Al mismo tiempo conoció la realidad de la calle y resultó que el mensaje coincidía con el de la biblia. Eso le llevó a vivir en función de lo descubierto, a trabajar con los marginados y a explicar que Dios no era la opulencia y las normas de la Iglesia, sino amor. Se ganó enemigos enseguida.

¿Qué descubrió en los evangelios?

Que Jesús se carga el templo y a los sacerdotes, que echa por tierra la intermediación entre Dios y el hombre, que dice que el templo no sirve para nada y que nunca ha servido. Rompe con lo establecido y dice que tenemos que caber todos. No distingue entre creyentes y no creyentes y pone por encima de todo al ser humano. En los llamados milagros siempre dice: tu fe te ha curado. No mi fe, ni mi Dios. Tu fe. Eso se lo dice hasta a un centurión romano, a cualquiera independientemente de su religión.

Sin embargo el cristianismo ve inmorales algunas conductas por ser distintas.

Los evangelios no tienen un código de moral, pese a que nos han aplicado miles de ellos. Si lees los textos ves que Jesús puso al hombre por encima de las leyes y por encima de las religiones.

Pero él es el germen de esa religión.

Jesús no inventó la religión.
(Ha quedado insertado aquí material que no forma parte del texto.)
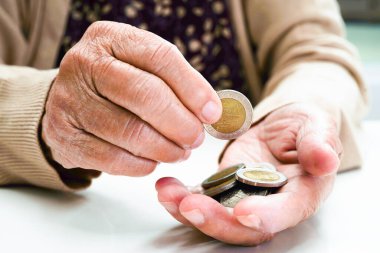 Retired elderly woman counting coins money and worry about monthly expenses and treatment fee payment.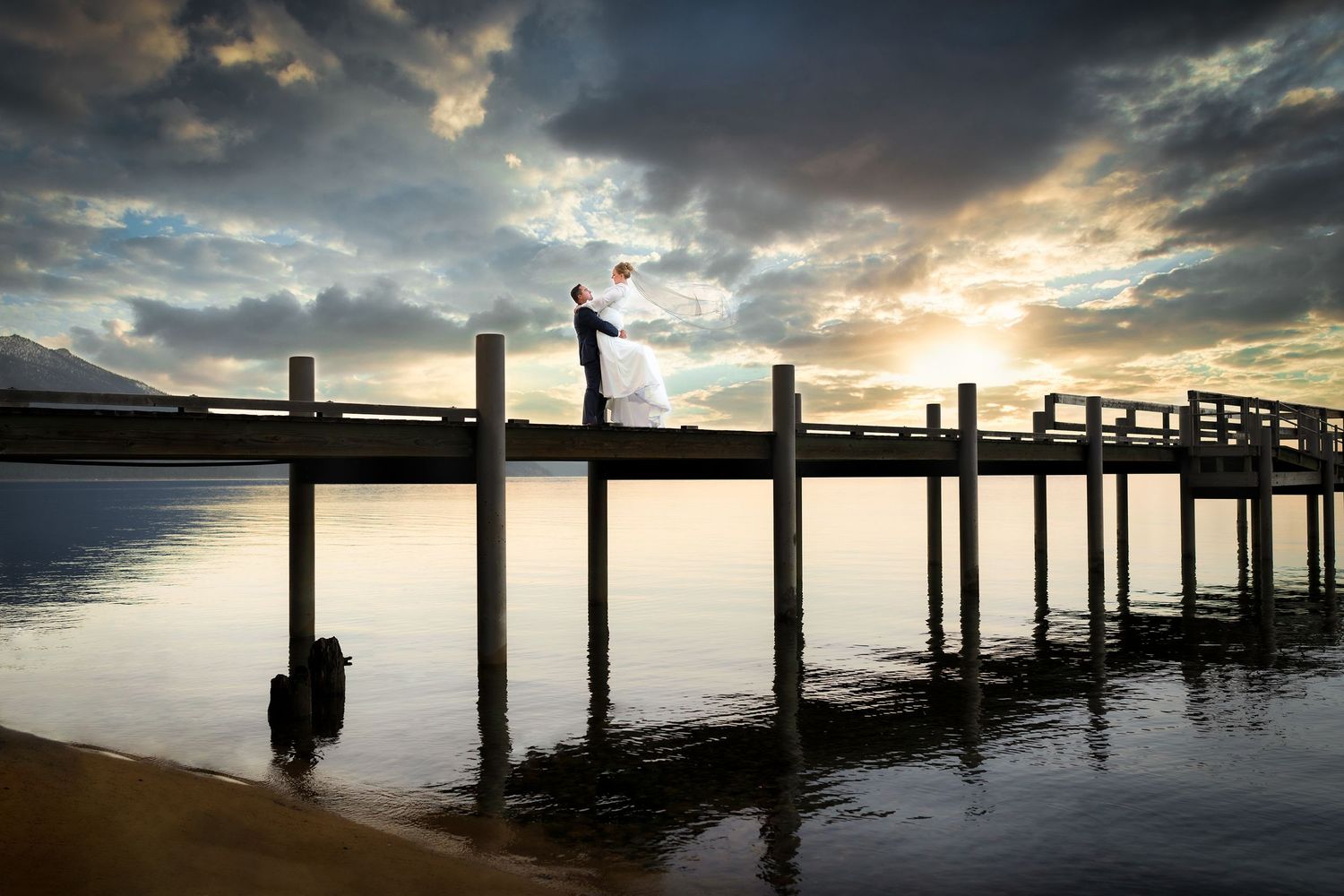 Dramatic sunset over a wooden pier with silhouetted posts reflecting in calm water.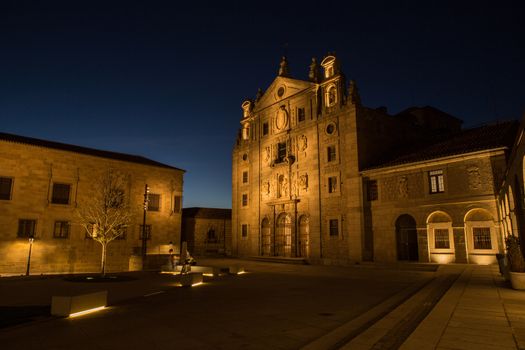 Night view of square in the front of Santa Teresa Convent in Avila, Spain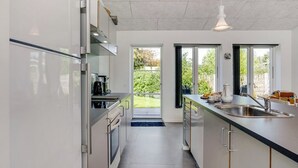 A modern kitchen with a large island, stainless steel appliances, and a view of the garden through the sliding doors. - "Ilkka" - 175m from the sea by Interhome (Rødvig Stevns)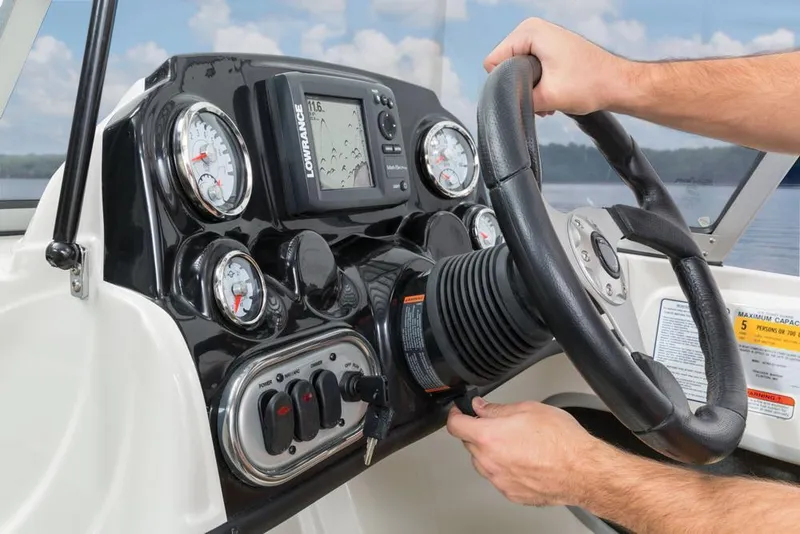Slide: The Image of Close-up of a Nitro Z-7 Sport boat's helm with instruments and steering wheel. - 16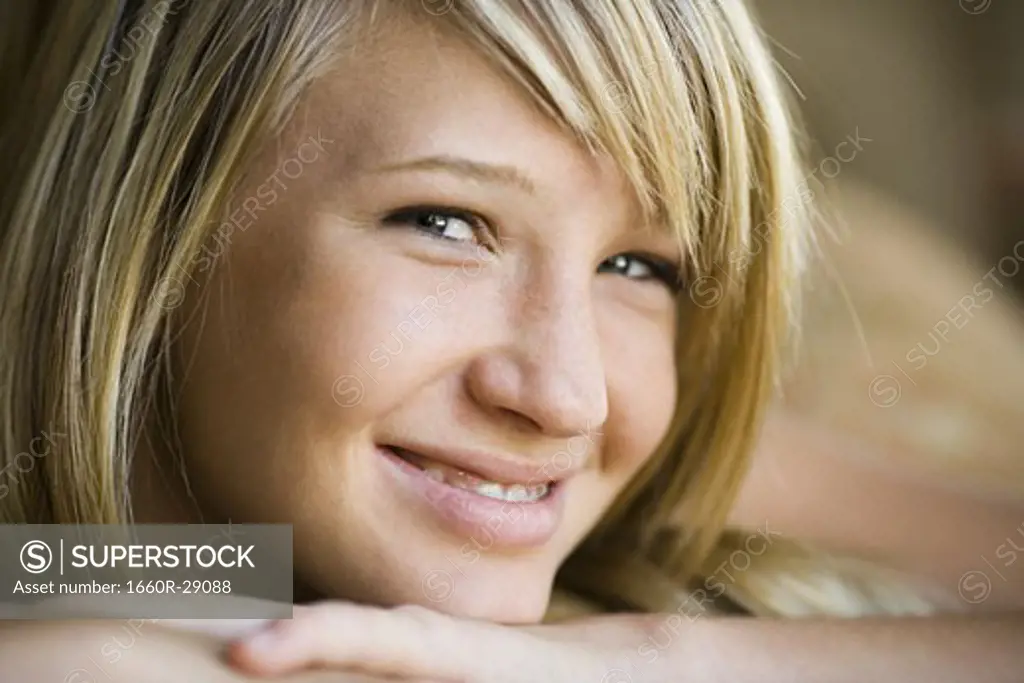Close-up of smiling young woman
Lo hizo un listo que vio unas fuerza inexplicables y dijo: yo hago unos ritos que nos liberen de estos fantasmas. Luego se unió al jefe de la tribu, que era el más fuerte, y entre los dos controlaron al resto. Es una cuestión de poder. Jesús llega y dice: esto no es así y llama papa a Dios. Ya no es un jefe, sino un ser familiar que se preocupa del ser humano y lo hace por encima de la ley y de la religión. Está todo en los evangelios, lo que pasa es que la gente está muy desinformada, incluido el clero.

¿Jesús es lo opuesto a la religión?

Lo que parte de Jesús es un movimiento a la contra dentro del judaísmo y eso está en todos los mitos. En el mismo evangelio, por ejemplo, se habla del mito de la virginidad. En la biblia, si un personaje iba a hacer algo grande lo escenificaban en su nacimiento. Decían de ellos que venían de un hombre viejo y una mujer estéril, lo que quería decir que su nacimiento era obra de Dios. Con Jesús eso se rompe, ya no es hijo de lo viejo y estéril sino de madre virgen. Y hay más. La genealogía de José entronca con David y representa la tradición, pero según el relato no se acuesta con María. Es decir, rompe con lo anterior y nace de lo nuevo, de tierra virgen.

¿Qué ha aprendido en la calle?

Lo mismo que en la biblia. En nuestra parroquia comulgan cristianos, pero también agnósticos y musulmanes. Un día uno me dijo: "Enrique, sabe usted que yo soy musulmán". Le dije que sí y me respondió, "vengo porque esta es mi iglesia". Nuestra misión es rescatar la fe, no como elemento religioso, sino como elemento consustancial al ser humano para que crean en la gente, en una persona, en lo que ellos quieran… pero que crean.